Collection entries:
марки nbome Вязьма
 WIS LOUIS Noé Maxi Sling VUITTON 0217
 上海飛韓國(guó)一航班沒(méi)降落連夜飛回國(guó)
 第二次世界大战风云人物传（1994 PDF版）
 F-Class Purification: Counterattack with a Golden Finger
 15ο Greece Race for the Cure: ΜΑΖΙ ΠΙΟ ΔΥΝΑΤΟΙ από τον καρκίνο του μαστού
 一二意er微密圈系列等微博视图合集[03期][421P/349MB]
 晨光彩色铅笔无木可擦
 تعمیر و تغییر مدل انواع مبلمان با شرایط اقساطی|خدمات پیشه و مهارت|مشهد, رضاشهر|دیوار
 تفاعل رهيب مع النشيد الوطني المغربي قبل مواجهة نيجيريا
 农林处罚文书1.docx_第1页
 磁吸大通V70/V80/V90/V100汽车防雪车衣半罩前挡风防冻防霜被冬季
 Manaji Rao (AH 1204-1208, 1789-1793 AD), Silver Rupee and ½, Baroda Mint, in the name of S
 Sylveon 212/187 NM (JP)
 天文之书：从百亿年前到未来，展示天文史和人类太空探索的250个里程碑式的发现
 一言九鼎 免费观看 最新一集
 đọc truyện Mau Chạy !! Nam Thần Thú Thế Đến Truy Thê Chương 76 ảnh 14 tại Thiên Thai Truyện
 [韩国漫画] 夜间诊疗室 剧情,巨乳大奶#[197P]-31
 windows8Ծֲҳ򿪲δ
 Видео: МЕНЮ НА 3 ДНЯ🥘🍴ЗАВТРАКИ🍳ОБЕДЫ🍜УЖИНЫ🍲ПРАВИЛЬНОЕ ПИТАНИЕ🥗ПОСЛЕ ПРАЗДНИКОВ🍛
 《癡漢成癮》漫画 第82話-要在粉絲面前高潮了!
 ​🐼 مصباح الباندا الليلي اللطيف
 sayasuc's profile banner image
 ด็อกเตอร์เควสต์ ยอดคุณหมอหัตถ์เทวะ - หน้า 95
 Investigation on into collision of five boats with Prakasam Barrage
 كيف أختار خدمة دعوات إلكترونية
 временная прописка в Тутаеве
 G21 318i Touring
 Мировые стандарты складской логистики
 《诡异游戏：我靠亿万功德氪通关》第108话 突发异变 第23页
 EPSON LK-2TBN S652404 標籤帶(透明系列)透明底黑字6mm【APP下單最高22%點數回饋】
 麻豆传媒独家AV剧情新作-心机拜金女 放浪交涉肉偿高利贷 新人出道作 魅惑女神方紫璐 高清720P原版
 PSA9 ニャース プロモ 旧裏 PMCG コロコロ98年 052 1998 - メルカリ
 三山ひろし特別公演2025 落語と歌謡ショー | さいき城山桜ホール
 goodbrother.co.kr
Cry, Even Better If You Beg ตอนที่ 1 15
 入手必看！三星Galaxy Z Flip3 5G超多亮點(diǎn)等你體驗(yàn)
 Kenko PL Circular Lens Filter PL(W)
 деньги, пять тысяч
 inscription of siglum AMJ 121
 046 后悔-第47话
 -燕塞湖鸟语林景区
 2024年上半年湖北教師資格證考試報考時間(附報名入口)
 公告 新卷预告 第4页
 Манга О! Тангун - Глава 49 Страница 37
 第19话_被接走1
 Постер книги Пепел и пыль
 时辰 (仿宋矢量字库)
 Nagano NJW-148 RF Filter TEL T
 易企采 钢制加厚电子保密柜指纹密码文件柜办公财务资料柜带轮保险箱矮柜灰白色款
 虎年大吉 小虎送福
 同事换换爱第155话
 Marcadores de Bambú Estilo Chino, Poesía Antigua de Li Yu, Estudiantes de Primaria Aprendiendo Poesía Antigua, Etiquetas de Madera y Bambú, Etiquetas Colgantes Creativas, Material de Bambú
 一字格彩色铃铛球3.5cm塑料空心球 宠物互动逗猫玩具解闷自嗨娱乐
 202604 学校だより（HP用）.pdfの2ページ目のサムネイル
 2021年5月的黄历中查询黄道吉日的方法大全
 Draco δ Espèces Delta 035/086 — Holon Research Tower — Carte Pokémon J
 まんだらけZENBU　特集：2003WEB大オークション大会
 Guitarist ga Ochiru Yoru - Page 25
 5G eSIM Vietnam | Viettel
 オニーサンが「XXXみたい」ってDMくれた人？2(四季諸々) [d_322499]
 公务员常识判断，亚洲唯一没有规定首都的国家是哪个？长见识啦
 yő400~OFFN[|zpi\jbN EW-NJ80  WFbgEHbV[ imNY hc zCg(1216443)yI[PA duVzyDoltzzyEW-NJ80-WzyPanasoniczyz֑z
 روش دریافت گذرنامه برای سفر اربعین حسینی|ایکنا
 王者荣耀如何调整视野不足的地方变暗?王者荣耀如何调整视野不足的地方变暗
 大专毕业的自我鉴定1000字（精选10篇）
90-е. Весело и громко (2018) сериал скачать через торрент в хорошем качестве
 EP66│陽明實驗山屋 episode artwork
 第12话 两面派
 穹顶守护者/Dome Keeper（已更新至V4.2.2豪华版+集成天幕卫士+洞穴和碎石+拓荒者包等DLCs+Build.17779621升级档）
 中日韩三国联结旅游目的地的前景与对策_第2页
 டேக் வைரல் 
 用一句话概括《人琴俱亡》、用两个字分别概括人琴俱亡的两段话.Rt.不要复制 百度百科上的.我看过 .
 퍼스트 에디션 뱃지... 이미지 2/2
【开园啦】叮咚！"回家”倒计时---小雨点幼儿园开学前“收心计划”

*Your instructions*:
Would you please copy exactly the part of the entries above that begins at the line containing "磁吸大通V70/V80/V90/V100汽车防雪车衣半罩前挡风防冻防霜被冬季" and ends at the line containing "Cry, Even Better If You Beg ตอนที่ 1 15", both lines included?

*Response*:
 磁吸大通V70/V80/V90/V100汽车防雪车衣半罩前挡风防冻防霜被冬季
 Manaji Rao (AH 1204-1208, 1789-1793 AD), Silver Rupee and ½, Baroda Mint, in the name of S
 Sylveon 212/187 NM (JP)
 天文之书：从百亿年前到未来，展示天文史和人类太空探索的250个里程碑式的发现
 一言九鼎 免费观看 最新一集
 đọc truyện Mau Chạy !! Nam Thần Thú Thế Đến Truy Thê Chương 76 ảnh 14 tại Thiên Thai Truyện
 [韩国漫画] 夜间诊疗室 剧情,巨乳大奶#[197P]-31
 windows8Ծֲҳ򿪲δ
 Видео: МЕНЮ НА 3 ДНЯ🥘🍴ЗАВТРАКИ🍳ОБЕДЫ🍜УЖИНЫ🍲ПРАВИЛЬНОЕ ПИТАНИЕ🥗ПОСЛЕ ПРАЗДНИКОВ🍛
 《癡漢成癮》漫画 第82話-要在粉絲面前高潮了!
 ​🐼 مصباح الباندا الليلي اللطيف
 sayasuc's profile banner image
 ด็อกเตอร์เควสต์ ยอดคุณหมอหัตถ์เทวะ - หน้า 95
 Investigation on into collision of five boats with Prakasam Barrage
 كيف أختار خدمة دعوات إلكترونية
 временная прописка в Тутаеве
 G21 318i Touring
 Мировые стандарты складской логистики
 《诡异游戏：我靠亿万功德氪通关》第108话 突发异变 第23页
 EPSON LK-2TBN S652404 標籤帶(透明系列)透明底黑字6mm【APP下單最高22%點數回饋】
 麻豆传媒独家AV剧情新作-心机拜金女 放浪交涉肉偿高利贷 新人出道作 魅惑女神方紫璐 高清720P原版
 PSA9 ニャース プロモ 旧裏 PMCG コロコロ98年 052 1998 - メルカリ
 三山ひろし特別公演2025 落語と歌謡ショー | さいき城山桜ホール
 goodbrother.co.kr
Cry, Even Better If You Beg ตอนที่ 1 15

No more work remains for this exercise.